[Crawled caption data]
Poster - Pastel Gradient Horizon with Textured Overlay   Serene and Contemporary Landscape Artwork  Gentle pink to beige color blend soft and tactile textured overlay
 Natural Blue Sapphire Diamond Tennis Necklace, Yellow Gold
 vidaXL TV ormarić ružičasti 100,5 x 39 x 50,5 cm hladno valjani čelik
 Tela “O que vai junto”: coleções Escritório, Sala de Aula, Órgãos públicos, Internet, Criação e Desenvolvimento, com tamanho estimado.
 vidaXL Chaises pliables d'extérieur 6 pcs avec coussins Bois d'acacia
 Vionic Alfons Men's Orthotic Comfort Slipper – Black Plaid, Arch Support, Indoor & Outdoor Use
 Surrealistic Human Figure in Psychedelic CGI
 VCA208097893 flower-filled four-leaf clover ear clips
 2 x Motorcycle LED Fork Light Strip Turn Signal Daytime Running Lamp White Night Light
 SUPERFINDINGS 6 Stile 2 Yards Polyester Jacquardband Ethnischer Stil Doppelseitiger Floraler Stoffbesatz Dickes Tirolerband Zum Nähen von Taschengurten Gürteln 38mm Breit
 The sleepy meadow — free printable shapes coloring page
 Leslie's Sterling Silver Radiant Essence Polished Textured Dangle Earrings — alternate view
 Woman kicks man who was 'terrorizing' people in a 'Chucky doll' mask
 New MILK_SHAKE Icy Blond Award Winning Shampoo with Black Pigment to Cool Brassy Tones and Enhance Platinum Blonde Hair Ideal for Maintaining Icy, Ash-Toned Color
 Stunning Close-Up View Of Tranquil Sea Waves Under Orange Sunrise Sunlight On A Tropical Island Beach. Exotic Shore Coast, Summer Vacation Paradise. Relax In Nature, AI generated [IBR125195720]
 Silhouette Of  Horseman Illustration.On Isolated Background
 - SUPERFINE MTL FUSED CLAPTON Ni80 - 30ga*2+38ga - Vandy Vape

▸ YOUR INSTRUCTIONS: From the first line to the last, reproduce the data above exactly.

▸ RESULT:
Poster - Pastel Gradient Horizon with Textured Overlay   Serene and Contemporary Landscape Artwork  Gentle pink to beige color blend soft and tactile textured overlay
 Natural Blue Sapphire Diamond Tennis Necklace, Yellow Gold
 vidaXL TV ormarić ružičasti 100,5 x 39 x 50,5 cm hladno valjani čelik
 Tela “O que vai junto”: coleções Escritório, Sala de Aula, Órgãos públicos, Internet, Criação e Desenvolvimento, com tamanho estimado.
 vidaXL Chaises pliables d'extérieur 6 pcs avec coussins Bois d'acacia
 Vionic Alfons Men's Orthotic Comfort Slipper – Black Plaid, Arch Support, Indoor & Outdoor Use
 Surrealistic Human Figure in Psychedelic CGI
 VCA208097893 flower-filled four-leaf clover ear clips
 2 x Motorcycle LED Fork Light Strip Turn Signal Daytime Running Lamp White Night Light
 SUPERFINDINGS 6 Stile 2 Yards Polyester Jacquardband Ethnischer Stil Doppelseitiger Floraler Stoffbesatz Dickes Tirolerband Zum Nähen von Taschengurten Gürteln 38mm Breit
 The sleepy meadow — free printable shapes coloring page
 Leslie's Sterling Silver Radiant Essence Polished Textured Dangle Earrings — alternate view
 Woman kicks man who was 'terrorizing' people in a 'Chucky doll' mask
 New MILK_SHAKE Icy Blond Award Winning Shampoo with Black Pigment to Cool Brassy Tones and Enhance Platinum Blonde Hair Ideal for Maintaining Icy, Ash-Toned Color
 Stunning Close-Up View Of Tranquil Sea Waves Under Orange Sunrise Sunlight On A Tropical Island Beach. Exotic Shore Coast, Summer Vacation Paradise. Relax In Nature, AI generated [IBR125195720]
 Silhouette Of  Horseman Illustration.On Isolated Background
 - SUPERFINE MTL FUSED CLAPTON Ni80 - 30ga*2+38ga - Vandy Vape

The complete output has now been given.